Don’t mess with the lunch ladies

There is something quite intimidating about going through the school lunch line when you’re a young child. There are so many things to manage all at one time – your food, your tray, your silverware, your money.
Who knows how many children have stayed awake at night worrying they might drop their lunch tray and bring mounds of unwanted attention to their second-grade self?
Then there are the lunch workers themselves. I was terrified of the lunchroom workers when I was a young child. I’m not sure why, but I always felt like they were waiting to yell at me, or at least admonish me to eat my broccoli.
They never did either, of course. I’m sure they were perfectly nice ladies, all of whom were just doing their jobs.
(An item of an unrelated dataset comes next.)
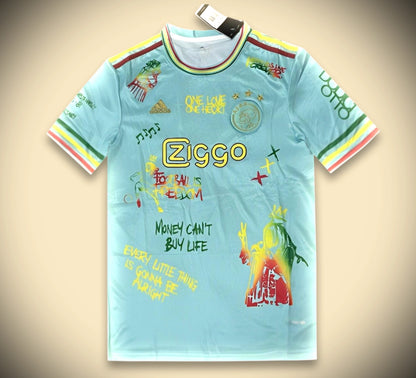 Maillot Ajax Édition Bob Marley Bleu Ciel 2026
Still, the combination of hair nets, white uniforms and heaping scoops of powdered mashed potatoes and brown gravy were enough to scare me to death. To this day, I try to avoid school lunchrooms or if I’m forced to go to one, I make sure to smile, thank them for their work and eat two servings of broccoli.
And that brings me to this story. A high school in Atlantic City has had a problem with food fights. To solve the problem, the lunchroom workers decided to offer a single item – cheese sandwiches – until the students acted right. The simple meal was all that was offered for three days.
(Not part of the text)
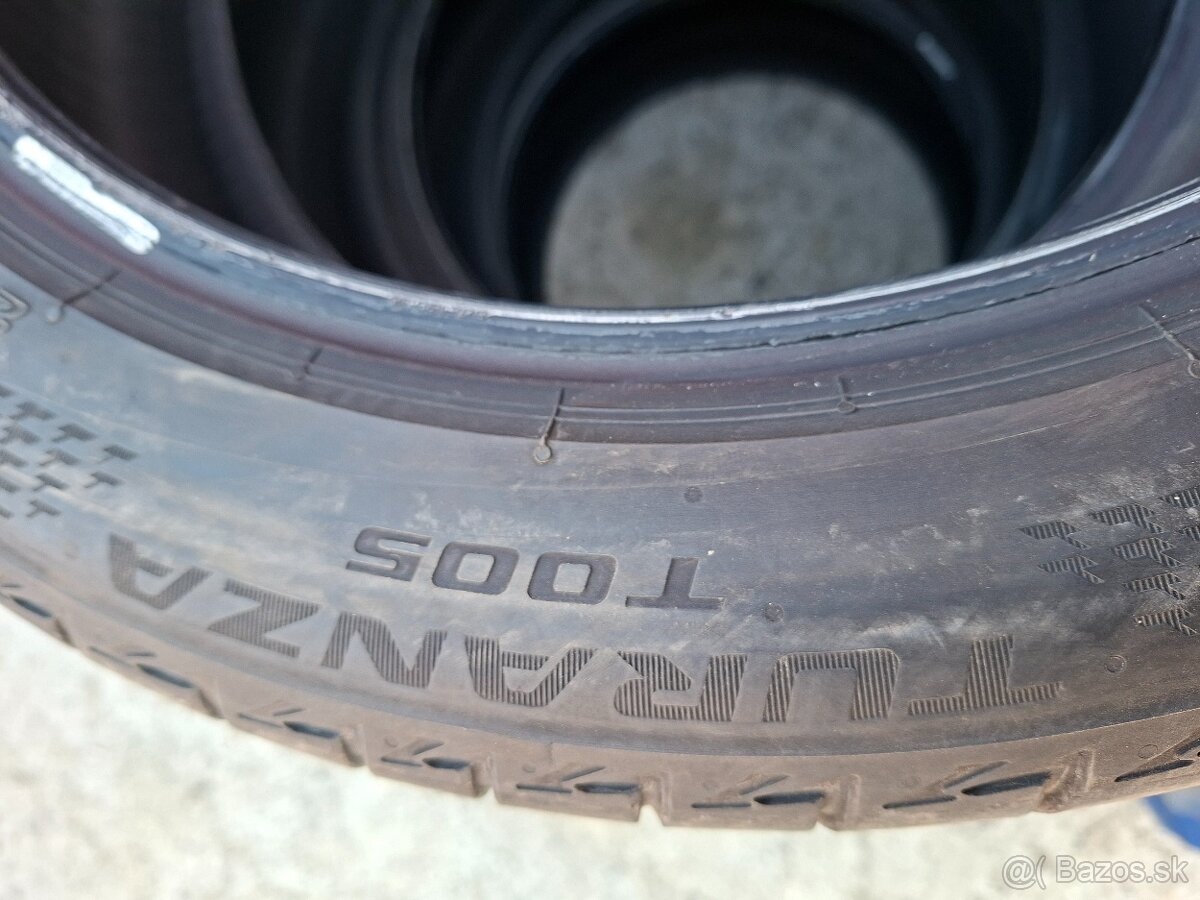 235 45 18 Bridgestone Turanza T005 - 4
Parents complained (“Nutrition is the most important thing!” one outraged mother said.) The principal remained firm in his support of the lunchroom workers’ menu.
“We’re not going to tolerate it (the food fights),” he told the questioning press.
The community also seems firmly behind the lunchroom workers. A local T-shirt shop teamed with the school’s art teacher to produce a line of shirts for the lunchroom workers. The front of the shirt contained the school’s name and the phrase, “Home of the Cheese Sandwich.” The real message was printed on the back in bold, black letters: “Don’t Mess with the Lunch Ladies.”
I don’t know if these particular lunch ladies normally wear white uniforms and hair nets. I don’t know if they dish out potatoes and gravy and soggy broccoli. If they do, however, I bet every kid takes their serving, balances it precariously on their tray and pays their money with a smile on their face.
I know that’s what I would have done.